30 amps x 120 volts = 3600 watts. That's the theoretical maximum load your trailer system can carry. Because nothing is ever perfect, engineers would de-rate that some for system inefficiencies. So make a guess of about 3000 watts of available load capacity.

Electrical appliances should all have a data plate that states the number of watts or amps they need. AC Voltage is 120 (plus or minus a little) from the power company or from a generator, so you can convert from amps to watts or back again when you need to.

Limit the number of things that are on at the same time to less than 3000 watts or so, and the system should be happy. Electric heat or AC should be switched off when the microwave is in use, etc. Hair dryers are also high-load culprits.

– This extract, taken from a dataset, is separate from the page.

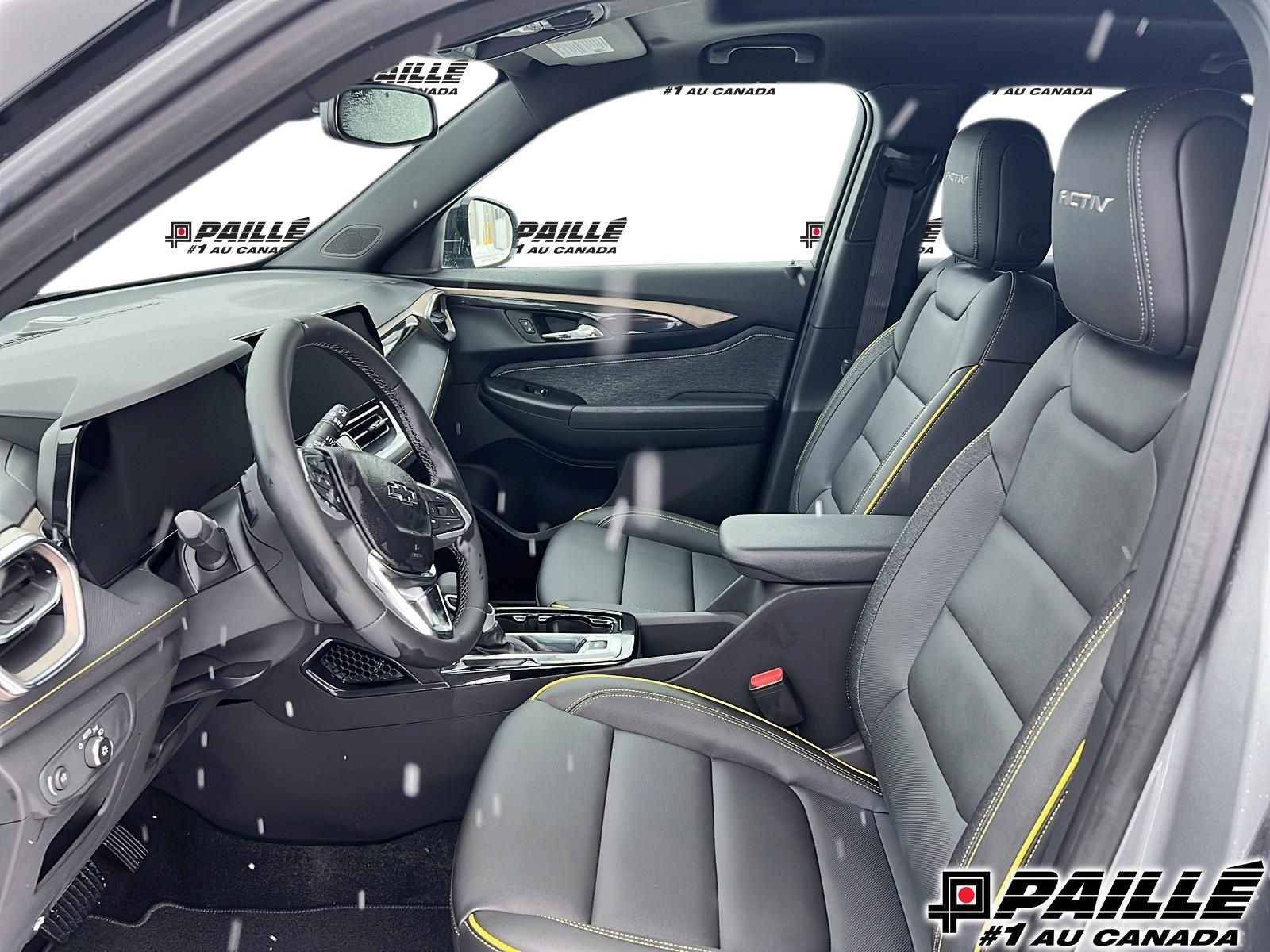 2026 Chevrolet Trailblazer in Berthierville, Quebec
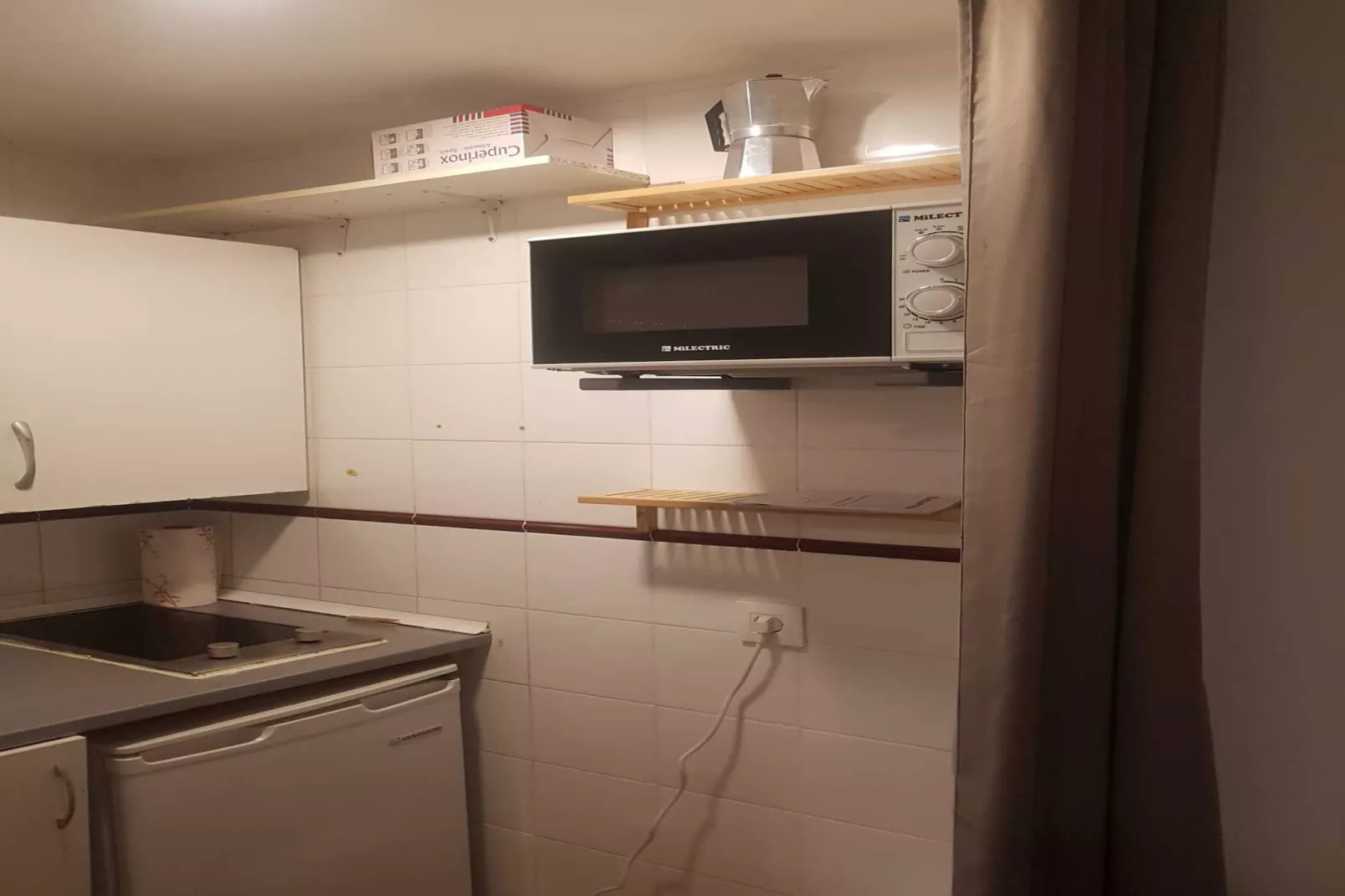 Resitur Apto 731 - Kitchen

Also, you probably have more than one AC circuit in the trailer. Make sure the high-load items aren't all plugged into one side, or the breaker in your trailer panel will trip. You have a much newer unit than ours, but we have 20 amp breakers in the trailer panel.

If you end up in a campsite where 20 amps is all you can get, limit your loads even further. Air conditioners can be badly damaged if they don't have enough current.

As dwightdi said, your trailer is designed to plug in to 30 amp service. With adapters on the plug-in cord, you can use 20 amp in a pinch. 50 amp adapters let you use half of a 230 volt circuit to get 120. You never get the 50 amps, and you might get a little less than 30 amps with that setup.